§ INFORMATION
————————
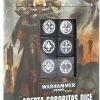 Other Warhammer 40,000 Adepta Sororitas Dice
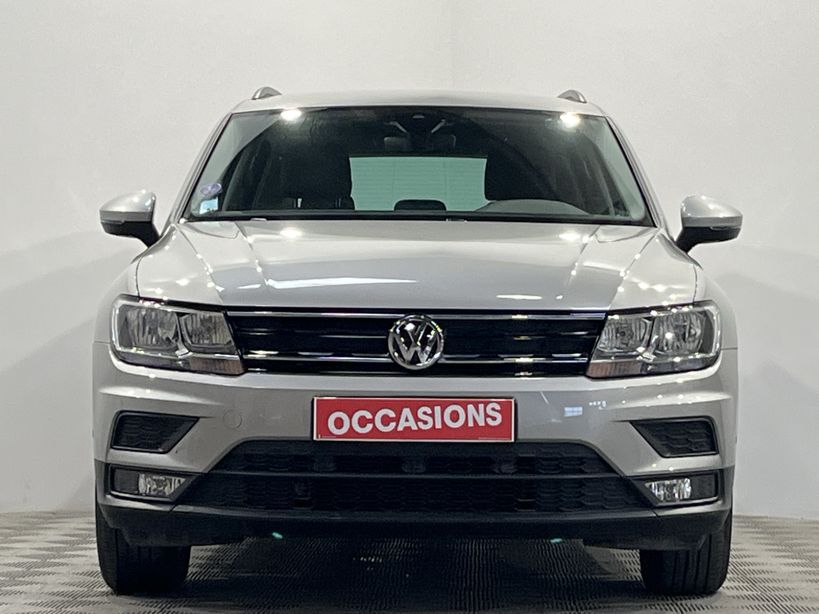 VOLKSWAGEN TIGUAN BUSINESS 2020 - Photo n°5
————————
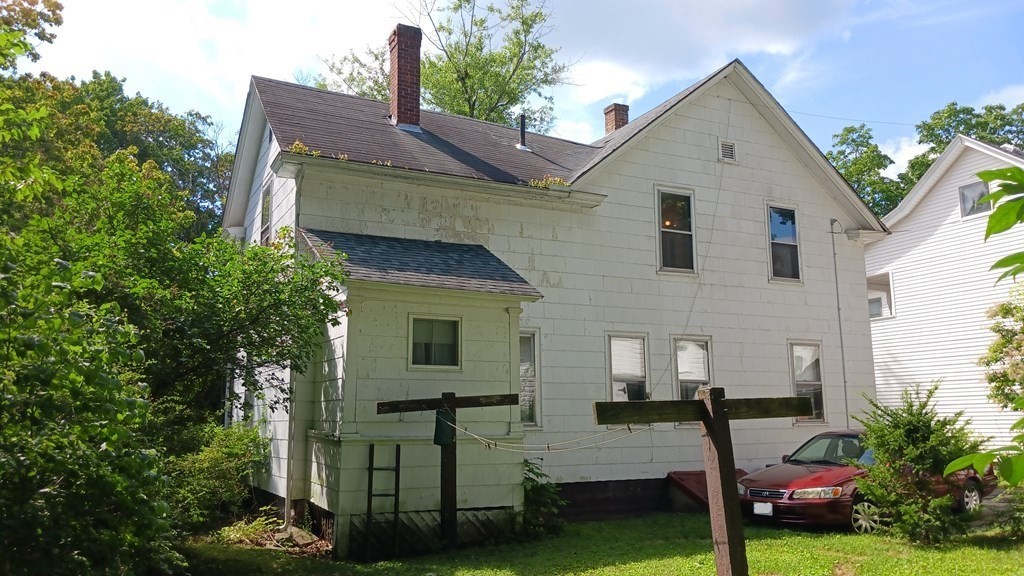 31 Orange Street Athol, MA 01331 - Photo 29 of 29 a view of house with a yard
————————
§ YOUR OBJECTIVE
From the material above, output only the span of lines that starts at the one containing "Other Warhammer 40,000 Adepta Sororitas Dice" and finishes at the one containing "VOLKSWAGEN TIGUAN BUSINESS 2020 - Photo n°5", word for word and free of pictures.

§ RESPONSE TO THIS TASK
 Other Warhammer 40,000 Adepta Sororitas Dice
 VOLKSWAGEN TIGUAN BUSINESS 2020 - Photo n°5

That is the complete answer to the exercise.